Toen ik de afgelopen weken nadacht over wat ik vanavond wilde zeggen, dacht ik herhaaldelijk aan de zegen die wij als dragers van het heilig priesterschap van God hebben ontvangen. Als we naar de hele wereld kijken, met zo’n zes en een half miljard mensen, beseffen we dat we een kleine, uitverkoren groep zijn. Als priesterschapsdragers zijn wij volgens de apostel Petrus ‘een uitverkoren geslacht, een koninklijk priesterschap.’1

President Joseph F. Smith heeft het priesterschap beschreven als ‘de macht van God die aan de mens gedelegeerd is waardoor de mens op aarde kan optreden voor het heil van de mensheid, (…) waarbij [de mens] de wil van God mag spreken alsof de engelen hier waren om het zelf te zeggen, en waarbij de mens de bevoegdheid heeft om op aarde binden wat in de hemel gebonden zal zijn en op aarde te ontbinden wat in de hemel ontbonden zal zijn.’ President Smith heeft daar aan toegevoegd: ‘[Het priesterschap] is heilig en moet door de mens heilig gehouden worden.’2

Broeders, het priesterschap is een gave die niet alleen bijzondere zegeningen voortbrengt, maar ook heilige plichten inhoudt. Het is onze verantwoordelijkheid om zo te leven dat we het priesterschap altijd waardig zijn. We leven in een tijd dat we omgeven zijn door veel zaken die ons naar paden proberen te leiden die onze ondergang kunnen betekenen. Er is vastberadenheid en moed nodig om dergelijke paden niet te betreden.

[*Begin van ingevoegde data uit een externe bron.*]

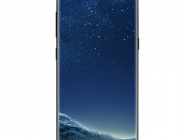 S8н⿪ϸ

Moed is belangrijk. Dat heb ik vele jaren geleden duidelijk en indrukwekkend ervaren. Ik was in die tijd bisschop. De algemene bijeenkomst van onze ringconferentie werd in de Assembly Hall op Temple Square in Salt Lake City gehouden. We zouden een nieuw ringpresidium krijgen. De Aäronische priesterschap en de leden van de bisschappen zouden de muziek verzorgen. Toen we ons eerste lied hadden gezongen, stond president Joseph Fielding Smith, de algemeen autoriteit die onze conferentie bezocht, op en las ter steunverlening de namen van het nieuwe ringpresidium voor. Daarna merkte hij op dat Percy Fetzer, onze nieuwe ringpresident, en John Burt, de eerste raadgever — die beiden raadgever waren geweest in het vorige presidium — voorafgaand aan de conferentie op de hoogte waren gesteld van hun nieuwe roeping. Hij zei ook dat ik was geroepen als tweede raadgever in het nieuwe presidium, maar dat ik daar niets van wist totdat mijn naam bij de steunverlening werd opgelezen. Toen kondigde hij aan: ‘Als broeder Monson bereid is deze roeping als raadgever in het ringpresidium te aanvaarden, zullen we nu graag naar hem luisteren.’

Toen ik achter het spreekgestoelte stond en naar al die gezichten keek, moest ik aan het lied denken dat we zojuist gezongen hadden. Het ging over het woord van wijsheid en was getiteld: ‘Heb de moed, mijn jongen, om nee te zeggen.’ Die dag koos ik als onderwerp voor mijn toespraak: ‘Heb de moed, mijn jongen, om ja te zeggen.’ We worden allemaal voortdurend aangespoord om moedig te zijn — moedig pal staan voor onze overtuiging, moedig onze taken vervullen, moedig ons priesterschap eren.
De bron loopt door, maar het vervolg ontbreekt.